RESTAURATEURS CHRIS and CAROL WEST have owned the Plantation for 13 years. In April this year the opened the Frog and Onion with Jean Paul Gagnin, and took over the White Horse. Chris is 47, Carol, 45. CHRIS: We first met in 1966, when we were doing a water ski show for Bill Williams. There were two night ski shows in the world then and one of them was at Castle Harbour, every Friday. I think I might have met Carol once or twice before that, but that was when we really started dating. We dated a couple of years, then we got married in 1968. Carol was working with Pan Am back then, and I was in commercial diving.
A few years later we met and became friends with a restaurateur from San Francisco. We talked about the restaurant business a lot and he told me I could never run a restaurant without experience. So I looked around and found the Plantation Club, which was what it was called then. We made an offer and we bought it. That was in 1979. That's the kind of person I am. If someone tells me I can't do something I have to prove them wrong.
Carol stayed in the airline business. She would come home and do the accounts for the restaurant. I think she came in full time about 1985. A year or so ago, the West End Development Company asked us to put in a bid for a new pub business up in Dockyard. We weren't really interested because the Plantation is such a handful on its own. We decided to go for it as a long term prospect.
But it's done far better than we ever expected.

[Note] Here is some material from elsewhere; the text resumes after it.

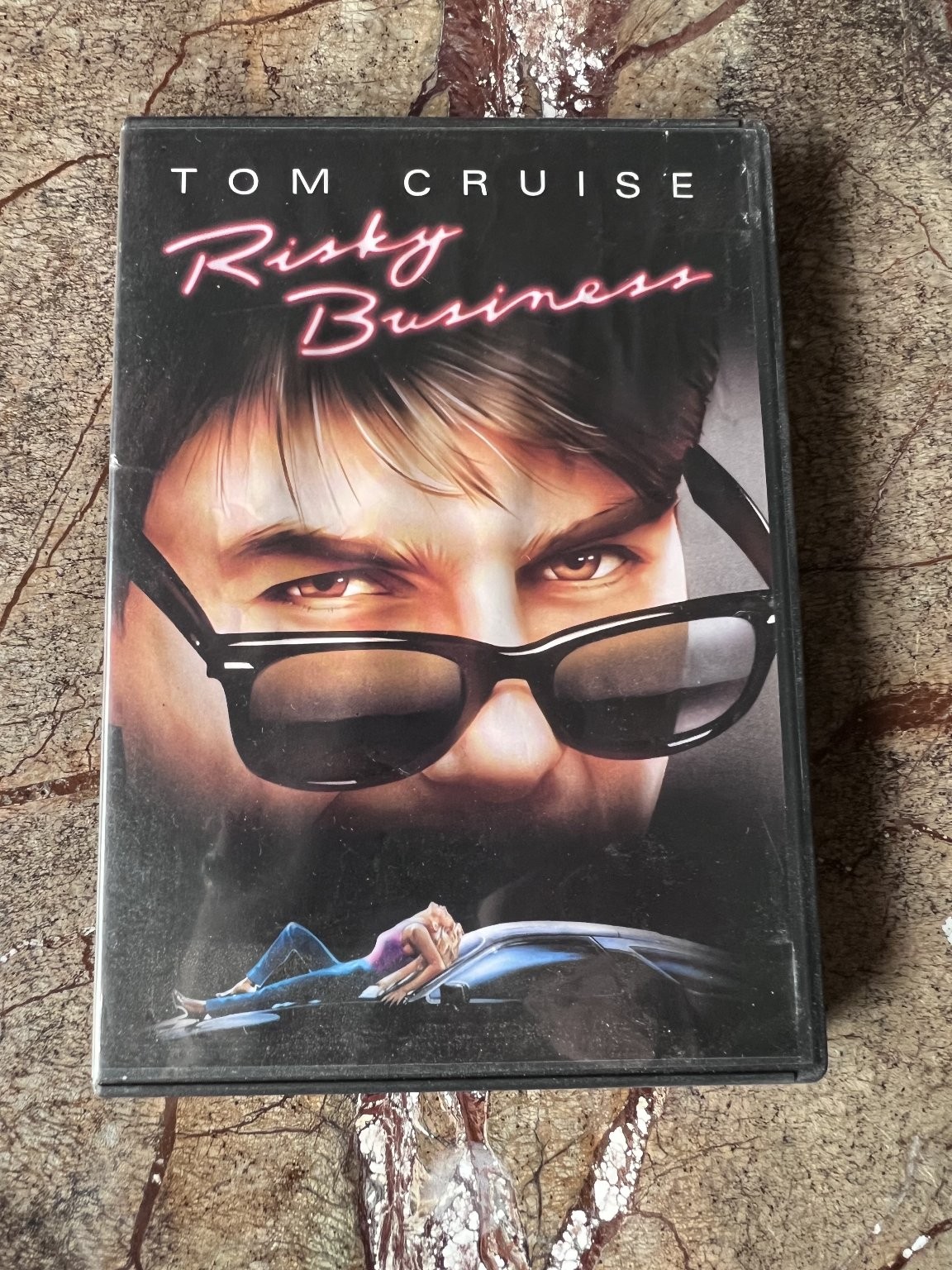 Risky Business DVD (1983) Tom Cruise, Rebecca De Mornay, Paul Brickman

With the White Horse, we heard the manager was leaving and I suggested to Carol that we write a letter to ask what was happening and say we'd be interested in doing something with the place. I don't think we knew what when we wrote. Then we got a call from the owner when we were away skiing and he said let's talk. So now we own the business and all the furnishings and fittings.

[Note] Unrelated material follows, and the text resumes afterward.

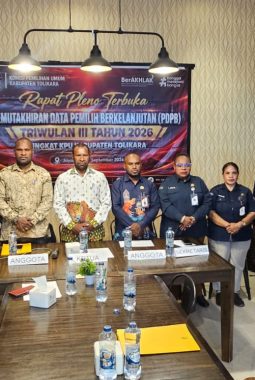 KPU Papua Pegunungan Pastikan Hak Pilih Terakomodasi, Data Pemilih Tersebar di 252 Kecamatan dan 2.625 Kampung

Our regular routine is, Carol is at White Horse, and I'm between the Frog and Onion and the Plantation. When we do see each other, it's usually when she leaves the White Horse and comes to the Plantation in the evening. And we try to take a couple of months off in the winter to go skiing. It gets to be a very stressful business to be in because you have to please everyone.
I think what makes our restaurants work, or what makes the Plantation work, is that from the beginning we tried to run it like our house. It doesn't work with everyone. I give people a hard time, I like to tease people. People can go anywhere and get a good maitre d', but they can't go everywhere and have fun while they're dining. CAROL: Christopher is really the ideas person, and I'm the person who has to make the ideas work. He's much more creative than I am. He's certainly willing to take chances. Many of our business ventures have been entered into seemingly foolishly. Going into the restaurant business with out any experience would seem pretty foolish ... and taking on two new restaurants while the economy is so uncertain would to most people seem foolish. But we've been very, very fortunate. One might say that we're dumb and lucky. Luck might have something to do with it, but hard work has certainly sustained us. And we've had a very good staff.

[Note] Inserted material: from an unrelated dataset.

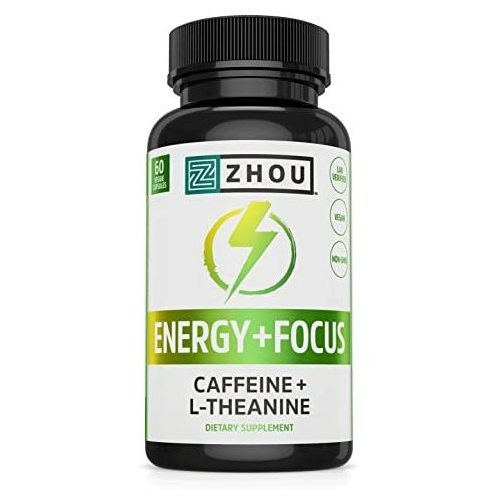 Cafeína Con L-teanina Para Una Energía Y Concentración Suave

Chris and I try not to overlap. We do end up bumping heads occasionally, but I think we've pretty well settled into our own routines. We have our own little roles when we're on the floor performing. He tells all the bad jokes, and I handle all the complaints.
At the Plantation, I don't think we would have survived if we were not there all the time. Also we're both Bermudian, and there aren't a lot of Bermudians who own restaurants. I think that makes a difference to people. People expect us to be there. We're trying not to build a glass house around us. We have to have a night off, we're open seven nights a week. I think people feel more comfortable when we're there. We did build the Plantation around us. I think to some extent we were selling ourselves, whether that's right or wrong.
Our winter ski trip is very important to us. We have to disappear ... cut off and shut down. It rejuvenates us. We have a very long season in Bermuda, it's ten months compared to five or six in places like Europe.
Chris is much more relaxed than I am. One of the nicest things about him is that he's not worried about what other people think. I don't mean that in a negative way - he does care, he's sensitive, but it's not a consideration in who he's dealing with or what he's doing.
I'm much more concerned that way, and I think that helps stabilise things.Sometimes his attitude gets him in terrible trouble, but we usually laugh about it afterwards. We have a lot of fun together. We enjoy each other's company.
Carol and Chris West: "We have a lot of fun together. We enjoy each other's company.